[Data provided]
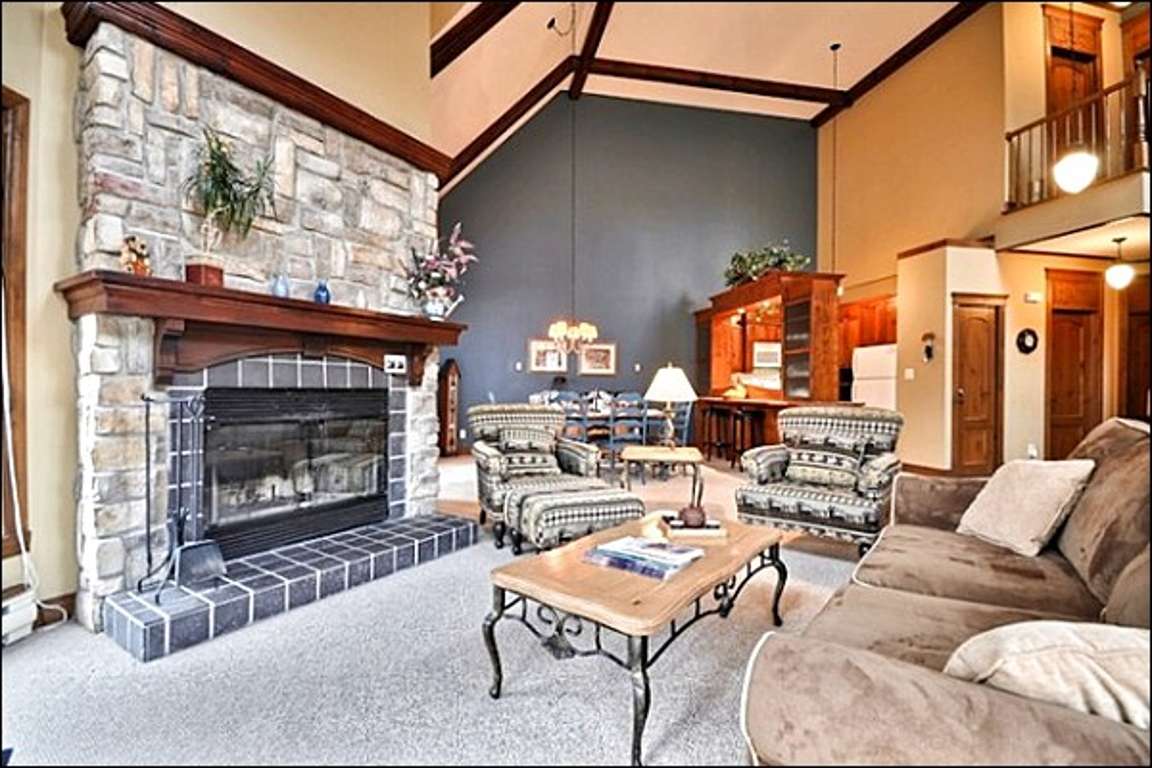 The Living Area Features a Beautiful Stone Fireplace, Large Picturesque Windows, and Cozy Furnishings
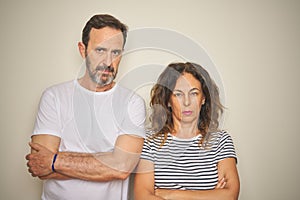 Beautiful middle age couple together standing over isolated white background skeptic and nervous, disapproving expression on face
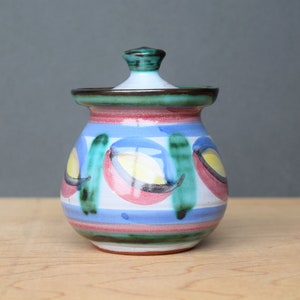 May include: A ceramic jar with a lid, featuring a colourful abstract design with green, blue, red, and yellow accents. The jar has a rounded shape and a smooth, glazed finish.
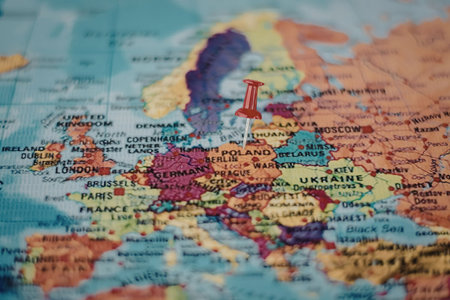 A colorful map of Europe with a red pin marking a specific location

[Problem description]
The listing above must be printed again exactly, minus its pictures.

[Exercise solution]
 The Living Area Features a Beautiful Stone Fireplace, Large Picturesque Windows, and Cozy Furnishings
 Beautiful middle age couple together standing over isolated white background skeptic and nervous, disapproving expression on face
 May include: A ceramic jar with a lid, featuring a colourful abstract design with green, blue, red, and yellow accents. The jar has a rounded shape and a smooth, glazed finish.
 A colorful map of Europe with a red pin marking a specific location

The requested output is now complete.